Dutch Schultz are big and heavy. Your mother won't like it, but your eccentric great-aunt might. Its rock meets metal with touches of early Manic Street Preachers from this power trio. 'Slice' is so nice, you could have more than one, while their great ear for a hook comes back with a vengeance for 'Sit Down, Stand Up'.
Recent developments involving a stolen car mean LaFaro are now the angriest young men here today, with righteous indignation added to the raw power that was already there. The fury that is 'Tuppenny Nudger' opens the show, snarling like a previously dozing caged panther that's been kicked in the nadgers.
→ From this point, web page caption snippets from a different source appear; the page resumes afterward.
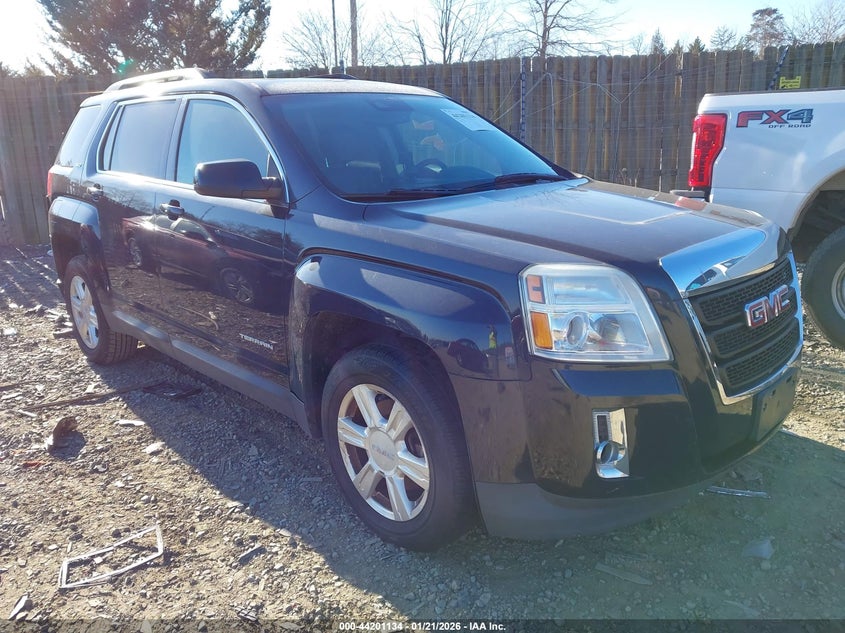 2015 GMC Terrain Slt-1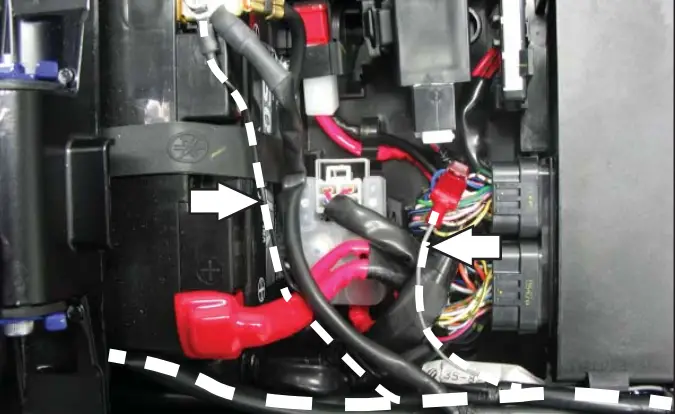 DYNOJET PC6 22062 Power Commander 6 2006 2007 Yamaha R6 - Fig 4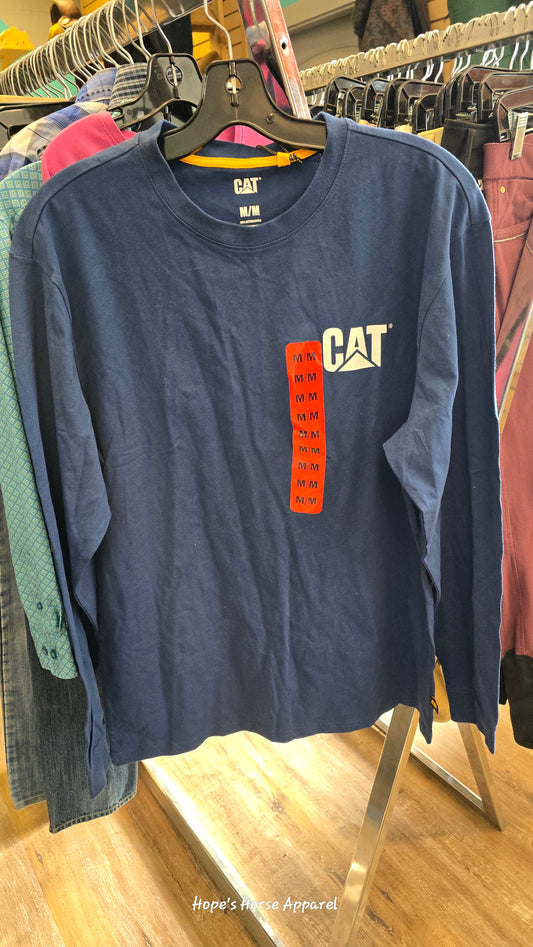 Cat Long Sleeve, Medium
'So Punk Rock' continues the "aint broke, don't fix it" air of menace before they offer a song about the world's third best adult film star. There are no wheels being reinvented here, instead, the excess weight is being stripped off, the axles greased, engine retuned and the nitrous forced in as the turbocharger threatens to blow our doors off. Left sprawling like a Ferrari mechanic, we will come back for more.
Fighting With Wire are flagging a bit, claiming they can't wait to break and write some new material "so we can ditch these two riff wonders. It feels like I've been playing this song my whole life", rants Cahir, "...it makes me vomit sometimes".
A howling crowd don't care as those insanely catchy tunes grab us, 'Strength In Numbers' and 'Everyone Needs A Nemesis', which should be renamed 'Everyone Needs An NME'. For yes, they acknowledge their little spat (NME tore them apart in a recent review) but they don't care, in fact "we're f***ing glad".
'Cut The Transmission' has everything you could want in a song, before they threaten to introduce a ballad. But after a fine intro, they give us 'Sugar' instead.
Fighting With Wire - phase one may be coming to an end. It shall be missed... but lets drink to what the future holds.